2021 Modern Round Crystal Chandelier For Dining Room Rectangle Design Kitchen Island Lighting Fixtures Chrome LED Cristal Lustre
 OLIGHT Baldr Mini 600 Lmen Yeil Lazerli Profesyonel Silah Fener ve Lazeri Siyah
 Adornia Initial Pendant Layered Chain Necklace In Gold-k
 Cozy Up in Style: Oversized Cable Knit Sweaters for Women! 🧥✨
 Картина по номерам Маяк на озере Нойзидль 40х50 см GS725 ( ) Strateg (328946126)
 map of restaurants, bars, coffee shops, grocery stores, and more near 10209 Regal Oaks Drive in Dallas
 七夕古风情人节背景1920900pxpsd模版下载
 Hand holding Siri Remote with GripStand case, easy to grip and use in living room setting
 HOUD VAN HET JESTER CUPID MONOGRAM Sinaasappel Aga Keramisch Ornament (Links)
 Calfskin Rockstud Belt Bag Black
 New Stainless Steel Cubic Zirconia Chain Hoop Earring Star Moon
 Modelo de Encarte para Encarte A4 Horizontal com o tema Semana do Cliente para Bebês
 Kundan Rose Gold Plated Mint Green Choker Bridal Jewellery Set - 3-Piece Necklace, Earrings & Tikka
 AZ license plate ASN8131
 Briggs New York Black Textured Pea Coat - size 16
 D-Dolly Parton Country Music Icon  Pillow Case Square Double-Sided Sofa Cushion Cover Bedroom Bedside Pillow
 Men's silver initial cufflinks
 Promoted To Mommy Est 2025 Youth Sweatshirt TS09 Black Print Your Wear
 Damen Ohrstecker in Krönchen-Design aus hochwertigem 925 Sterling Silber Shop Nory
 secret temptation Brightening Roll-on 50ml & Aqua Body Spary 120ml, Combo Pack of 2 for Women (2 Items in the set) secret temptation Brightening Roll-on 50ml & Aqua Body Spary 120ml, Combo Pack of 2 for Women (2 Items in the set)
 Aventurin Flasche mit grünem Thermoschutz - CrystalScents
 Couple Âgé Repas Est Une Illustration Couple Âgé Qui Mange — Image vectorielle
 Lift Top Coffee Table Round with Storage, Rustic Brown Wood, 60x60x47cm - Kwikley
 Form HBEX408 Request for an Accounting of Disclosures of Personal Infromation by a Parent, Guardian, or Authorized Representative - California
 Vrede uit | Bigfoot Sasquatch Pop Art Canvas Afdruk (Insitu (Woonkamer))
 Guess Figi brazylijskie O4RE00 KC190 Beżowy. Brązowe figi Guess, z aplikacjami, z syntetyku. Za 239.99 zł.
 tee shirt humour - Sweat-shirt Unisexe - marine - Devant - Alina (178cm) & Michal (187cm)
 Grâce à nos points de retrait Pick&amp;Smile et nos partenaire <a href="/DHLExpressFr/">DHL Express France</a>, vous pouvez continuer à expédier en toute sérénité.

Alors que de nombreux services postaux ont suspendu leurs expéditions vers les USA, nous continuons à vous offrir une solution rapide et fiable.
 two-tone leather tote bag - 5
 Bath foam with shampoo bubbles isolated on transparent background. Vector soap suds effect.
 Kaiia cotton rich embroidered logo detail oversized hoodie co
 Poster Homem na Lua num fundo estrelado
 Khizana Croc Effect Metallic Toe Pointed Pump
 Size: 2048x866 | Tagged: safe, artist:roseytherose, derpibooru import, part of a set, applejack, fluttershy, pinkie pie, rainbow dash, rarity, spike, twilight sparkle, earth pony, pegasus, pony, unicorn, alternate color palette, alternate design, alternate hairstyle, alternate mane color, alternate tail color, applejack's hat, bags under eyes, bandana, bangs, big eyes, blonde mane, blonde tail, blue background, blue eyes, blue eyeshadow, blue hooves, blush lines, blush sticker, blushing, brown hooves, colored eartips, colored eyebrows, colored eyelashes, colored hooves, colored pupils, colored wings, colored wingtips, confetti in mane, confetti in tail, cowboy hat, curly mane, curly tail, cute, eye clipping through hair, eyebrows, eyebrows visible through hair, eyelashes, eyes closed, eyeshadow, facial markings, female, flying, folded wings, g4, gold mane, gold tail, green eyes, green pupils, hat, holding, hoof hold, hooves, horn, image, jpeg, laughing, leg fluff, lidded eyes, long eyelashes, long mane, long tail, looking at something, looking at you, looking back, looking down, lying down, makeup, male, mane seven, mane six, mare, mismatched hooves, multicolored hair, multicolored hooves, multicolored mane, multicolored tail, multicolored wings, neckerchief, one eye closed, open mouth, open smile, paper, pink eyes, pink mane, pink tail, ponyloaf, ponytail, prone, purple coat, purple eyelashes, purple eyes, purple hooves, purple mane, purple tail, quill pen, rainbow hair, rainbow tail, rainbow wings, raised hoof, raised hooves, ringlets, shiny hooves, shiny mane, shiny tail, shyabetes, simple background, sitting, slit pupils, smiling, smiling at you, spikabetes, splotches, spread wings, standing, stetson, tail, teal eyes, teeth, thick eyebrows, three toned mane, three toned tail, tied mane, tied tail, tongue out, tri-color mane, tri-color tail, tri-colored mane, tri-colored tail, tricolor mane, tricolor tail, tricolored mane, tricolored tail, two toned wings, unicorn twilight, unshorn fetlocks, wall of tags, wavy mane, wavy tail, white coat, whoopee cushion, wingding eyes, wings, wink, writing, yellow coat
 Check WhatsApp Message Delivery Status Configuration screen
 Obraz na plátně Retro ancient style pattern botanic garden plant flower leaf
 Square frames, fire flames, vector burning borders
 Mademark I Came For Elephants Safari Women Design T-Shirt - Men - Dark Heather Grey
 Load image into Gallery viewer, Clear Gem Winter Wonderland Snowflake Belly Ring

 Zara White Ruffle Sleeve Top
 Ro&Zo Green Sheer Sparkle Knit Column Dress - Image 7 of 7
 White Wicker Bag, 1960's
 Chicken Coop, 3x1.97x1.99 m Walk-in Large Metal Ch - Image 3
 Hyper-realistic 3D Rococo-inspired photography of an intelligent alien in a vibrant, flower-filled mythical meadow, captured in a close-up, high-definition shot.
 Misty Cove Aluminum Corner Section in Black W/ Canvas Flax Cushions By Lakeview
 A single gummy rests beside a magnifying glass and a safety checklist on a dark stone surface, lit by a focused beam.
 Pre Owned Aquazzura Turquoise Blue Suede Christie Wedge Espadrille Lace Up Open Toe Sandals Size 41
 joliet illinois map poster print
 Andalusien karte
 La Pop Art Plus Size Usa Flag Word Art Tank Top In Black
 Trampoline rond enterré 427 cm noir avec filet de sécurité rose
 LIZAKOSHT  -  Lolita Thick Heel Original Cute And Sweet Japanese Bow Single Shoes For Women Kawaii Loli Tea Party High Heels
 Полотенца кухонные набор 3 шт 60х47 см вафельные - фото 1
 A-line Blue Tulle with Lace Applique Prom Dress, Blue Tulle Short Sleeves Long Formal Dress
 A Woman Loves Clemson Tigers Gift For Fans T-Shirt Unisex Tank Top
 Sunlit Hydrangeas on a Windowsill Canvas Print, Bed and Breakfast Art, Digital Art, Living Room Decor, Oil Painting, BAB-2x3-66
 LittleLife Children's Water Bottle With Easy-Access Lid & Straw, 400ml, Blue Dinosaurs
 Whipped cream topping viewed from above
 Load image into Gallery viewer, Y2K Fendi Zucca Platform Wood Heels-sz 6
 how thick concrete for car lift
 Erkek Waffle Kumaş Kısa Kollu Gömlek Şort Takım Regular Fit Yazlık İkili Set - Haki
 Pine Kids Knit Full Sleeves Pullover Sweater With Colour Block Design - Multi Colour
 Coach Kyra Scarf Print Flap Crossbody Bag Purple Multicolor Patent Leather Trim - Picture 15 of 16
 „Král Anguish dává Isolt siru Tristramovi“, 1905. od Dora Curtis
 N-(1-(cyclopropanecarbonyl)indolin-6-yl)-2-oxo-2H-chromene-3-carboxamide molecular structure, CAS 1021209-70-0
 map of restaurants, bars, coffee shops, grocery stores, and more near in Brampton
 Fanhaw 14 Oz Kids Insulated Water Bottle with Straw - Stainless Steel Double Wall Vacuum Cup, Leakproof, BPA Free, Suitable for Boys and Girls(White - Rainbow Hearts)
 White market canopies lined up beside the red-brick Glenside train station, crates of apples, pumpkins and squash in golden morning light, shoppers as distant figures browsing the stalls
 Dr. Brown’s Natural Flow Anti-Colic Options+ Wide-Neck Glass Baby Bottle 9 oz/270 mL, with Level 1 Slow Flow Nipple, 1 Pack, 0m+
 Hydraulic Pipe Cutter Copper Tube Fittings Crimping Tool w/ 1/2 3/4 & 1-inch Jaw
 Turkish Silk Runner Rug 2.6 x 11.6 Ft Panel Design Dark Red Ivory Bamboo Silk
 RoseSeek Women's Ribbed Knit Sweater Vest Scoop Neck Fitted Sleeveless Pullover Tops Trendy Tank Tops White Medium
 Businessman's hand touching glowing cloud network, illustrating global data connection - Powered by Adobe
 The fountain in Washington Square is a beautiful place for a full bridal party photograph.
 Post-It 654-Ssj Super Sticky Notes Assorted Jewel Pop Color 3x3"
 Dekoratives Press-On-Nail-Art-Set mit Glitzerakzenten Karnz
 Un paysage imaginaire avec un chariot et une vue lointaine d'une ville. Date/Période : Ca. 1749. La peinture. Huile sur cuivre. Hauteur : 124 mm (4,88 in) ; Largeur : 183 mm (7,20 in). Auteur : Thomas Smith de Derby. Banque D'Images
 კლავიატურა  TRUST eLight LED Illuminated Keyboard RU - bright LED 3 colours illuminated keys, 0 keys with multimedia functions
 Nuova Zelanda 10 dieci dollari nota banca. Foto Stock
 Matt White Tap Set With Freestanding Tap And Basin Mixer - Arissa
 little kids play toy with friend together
···
The task »
Set down, unchanged, only those lines above that fall between the line with "Kaiia cotton rich" and the line with "Khizana Croc Effect", the two end lines included.

Your response »
 Kaiia cotton rich embroidered logo detail oversized hoodie co
 Poster Homem na Lua num fundo estrelado
 Khizana Croc Effect Metallic Toe Pointed Pump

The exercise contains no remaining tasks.